Saturday, May 31, 2014

Sentences to Die For

This post has nothing to do with capital punishment (death sentences!) but with those gems of prose style that I collect and savor, often wishing I had written them.

I do so in part because reading good prose--the kind that is carefully, creatively constructed--is what keeps me fresh as a writer.

And I am a connoisseur of sentences because, again this summer, I will be teaching a writing workshop (at the Winter Park Public Library from June 26-July 31).  I want my students to see how many sentence patterns there are, many worthy of imitation, and what options they have as writers. Of course, I will stress the importance of one overriding fact: the key to good writing is wide, careful reading in which we pay attention to the style of sentences, whether the author is writing fiction or non-fiction.

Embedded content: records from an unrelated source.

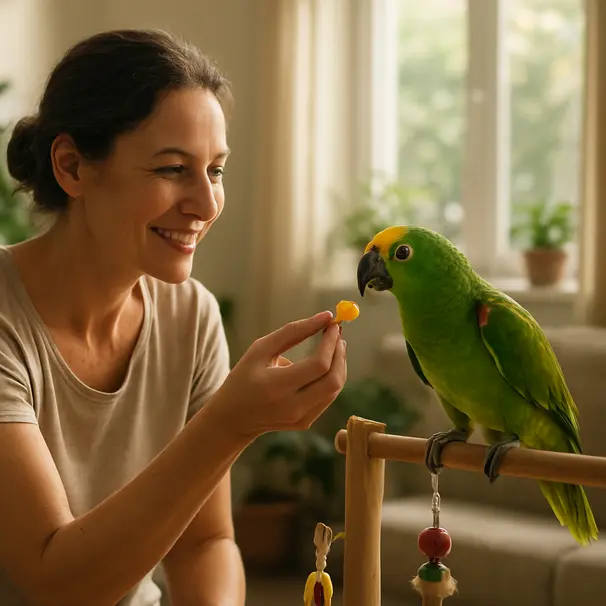 Vogelgesundheit: Vorbeugung und Pflege für Halter und pet carer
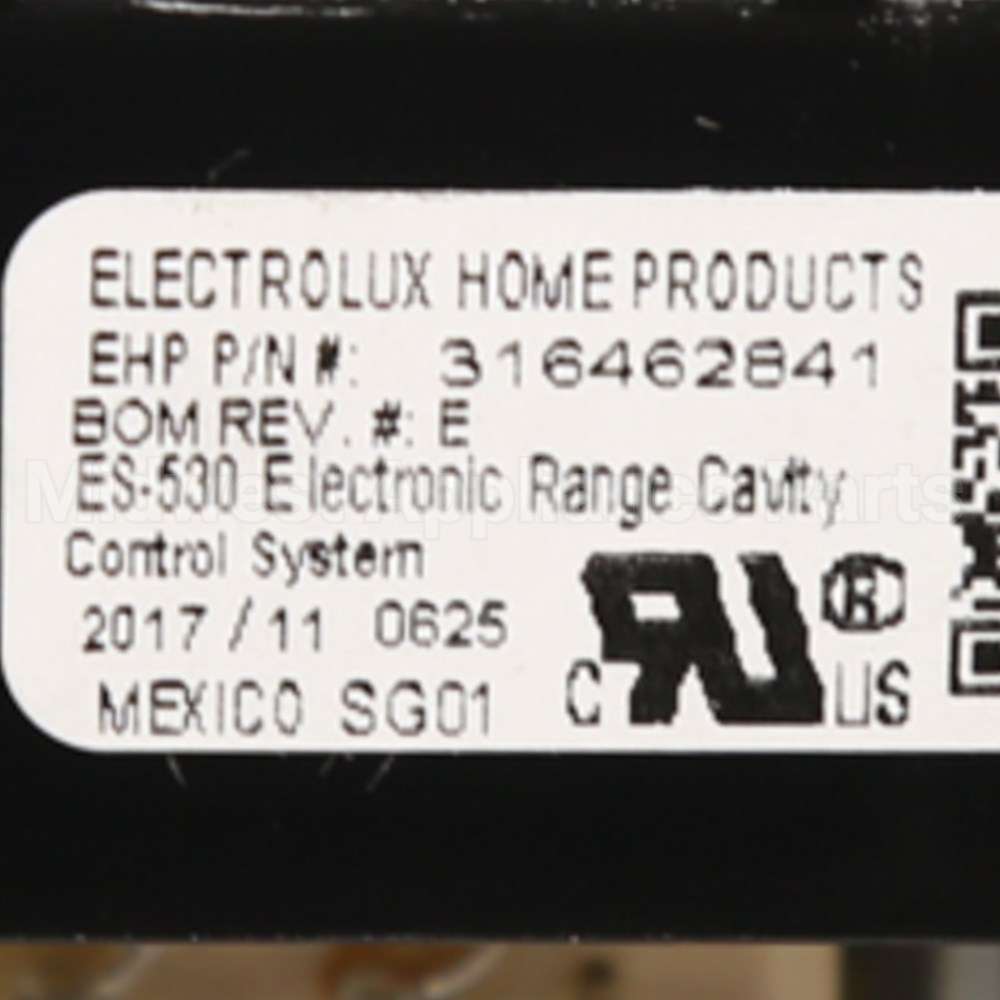 316560112 Frigidaire Controller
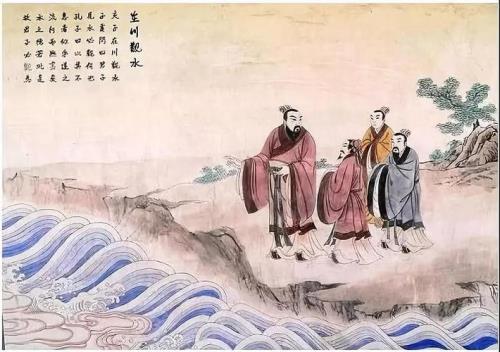逝者如斯夫夫的字意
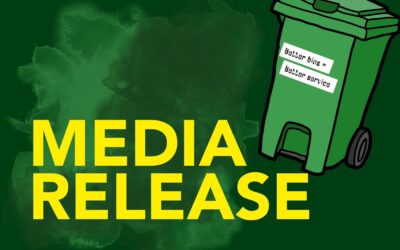 Council introduces new bin compliance standards with a “Better Bins” initiative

A number of good writers have emphasized the sentence as the key area of writing (and revision), the unit to focus on. Kathryn Schulz in a recent web post singles out Geoff Dyer, an English writer, for his mastery of non-fiction sentences that catch her eye and ear. She finds that Dyer (author of The Color of Memory) reaches new heights in extending the possibilities of the individual sentence.

For example, on a saxophone solo by John Coltrane Dyer writes, "It's pretty and then dangerous as he reaches so high the sky blues into the darkness of space before reentering, everything burning up around him."

Like Coltrane's music, Dyer reaches, as he does with the daring use of "blues": it serves, as Schulz points out, as verb, noun and adjective at the same time, making it seem "like the solo is still rising and what's falling is the sky."

This is poetic prose, highly calculated to dazzle. And it can be found in many places.  I don't know if I would be able to tolerate too many sentences like the one by Dyer; but one is all I need.

I often find in the New Yorker examples of less fancy but clever sentences that exemplify the left-handed (or periodic) pattern that is worth emulating, in which the modifiers pile up ahead of the main clause, as in this opening sentence by Anthony Lane, reviewing a current movie:

"Wrinkled and crinkled, huge in Japan, heroically reluctant to give up, and forever touring the world on a mission to make us scream, Godzilla is the Mick Jagger of giant amphibians."

I love this sentence not just because of the witty Jagger-Godzilla analogy, which I would never have thought of, but because the main clause--about Godzilla-- comes as a delightful surprise after the calculated opening.  Lane has the ability to make reviewing a Hollywood film into something of a work of art--delightful to readers with no interest in such movies.

I will, no doubt, as the summer progresses, share more sentences and commentary about the importance of the well-crafted sentence as the essence of good writing.